Skye nodded, noticing the tears on his mother’s pink cheeks. He and his mother were t he same height now. He inherited his tall frame from her side of the family. “Don’t worry. Grandfather will be with us.” He kissed her cheek and flashed what he knew to be his handsome smile as he walked past the Altrea door.
Water dripped from sagging Windeyes branches and enormous Bonecore leaves. Late afternoon rain was uncommon during summer in the Andaran hills. The showers had the village of Jorvik smelling even more lush than usual. The damp sent a chill through Skye’s trained physique as he glanced around the many wooden huts and structures built around the hills and trees.
Folkvar, Brandr’s father, turned his massive body to address the young men. His braided hair was a reddish yellow and his beard ran down to his constant heart. “The Rezzians will offer us a meal. The elders will talk and eat. You will not join us unless we tell you to. You will sit and prove you are obedient, disciplined young men.” His stare turned between the members of the young tria. “Your presence will make our acceptance of Rezzia’s offer more binding. Your presence will show our seriousness. That is the only reason you are coming with us. You will do everything we command you to do. So you do nothing, and you ruin nothing. Is this understood?”

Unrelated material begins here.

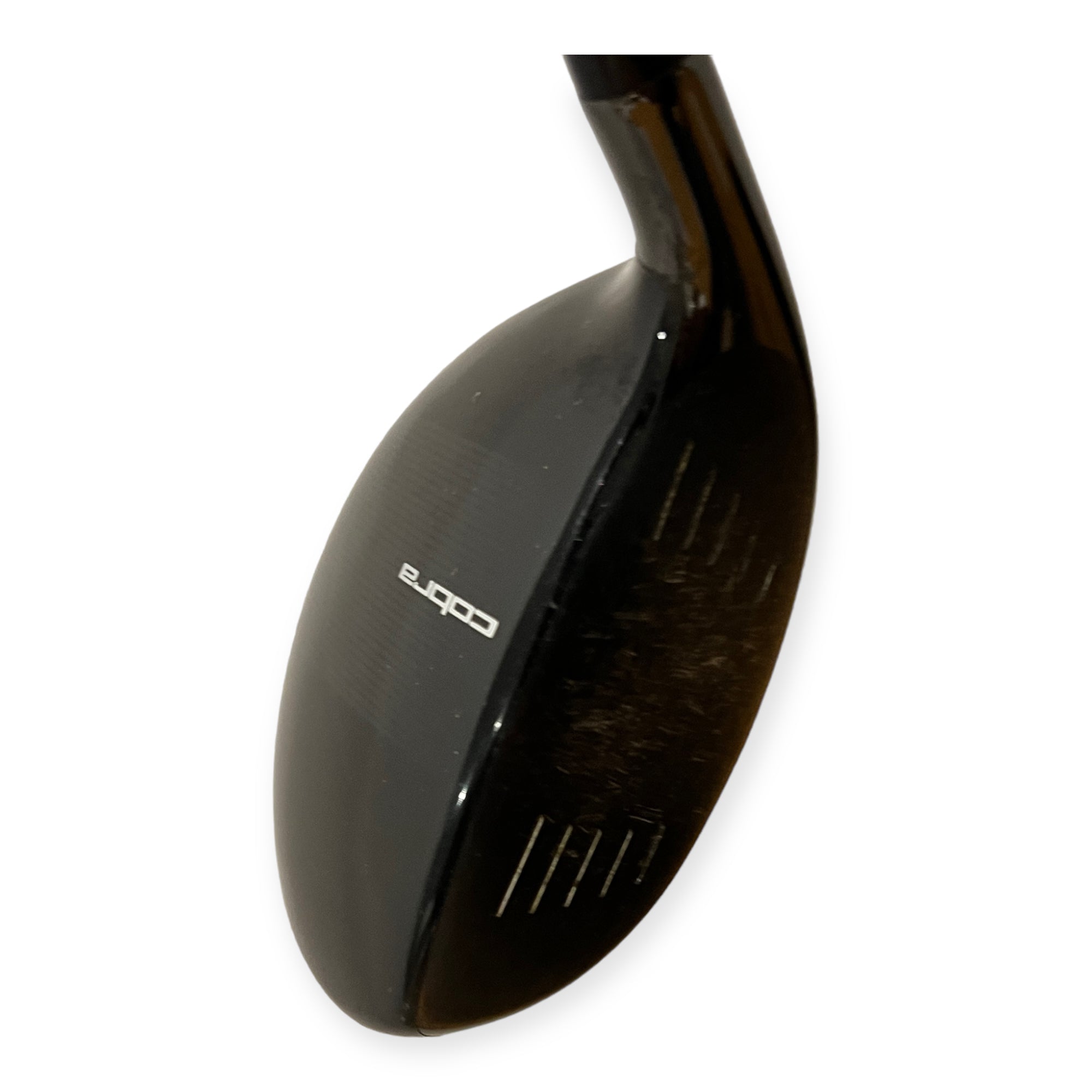Cobra F-Max SuperLite Offset Fairway Wood / Flex Lite / #3/16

Skye’s father gave him a stern look, just to emphasize Folkvar’s point, then stared at the other young men, too. “You will learn things today which you will guard and keep to yourselves. You will not share what you see or hear with anyone.”

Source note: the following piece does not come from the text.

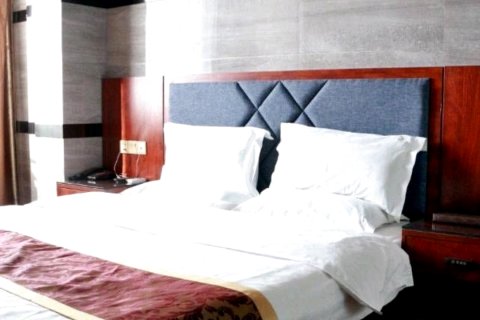 河津百度商务宾馆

Brandr was a younger, sunnier version of his father, Folkvar, but capable of being just as stern. Brandr eyed Skye from a wide stance with his hands resting on his hips, unable to hide a glint of excitement in his forest green eyes. Just as Folkvar was the heart of the elder tria, his son Brandr led Skye’s young tria too. The heart of any tria stood behind his two shield brothers in battle, wielding either a large weapon in close combat or throwing spears and a sling at range.
Njall was the mind of Skye’s tria, a shieldbearer who was expected to be knowledgeable on a variety of practical subjects. Like Brandr, Njall failed at appearing unmoved by the moment, with one raised, smirking eyebrow over his dark brown eyes—a typical expression for him.
Skye served as the spirit of his tria, the second shieldbearer who would some day cultivate the spiritual guidance of his departed father and serve as their interpreter of omens. On this day’s excursion, Skye’s father would serve in the capacity of spirit.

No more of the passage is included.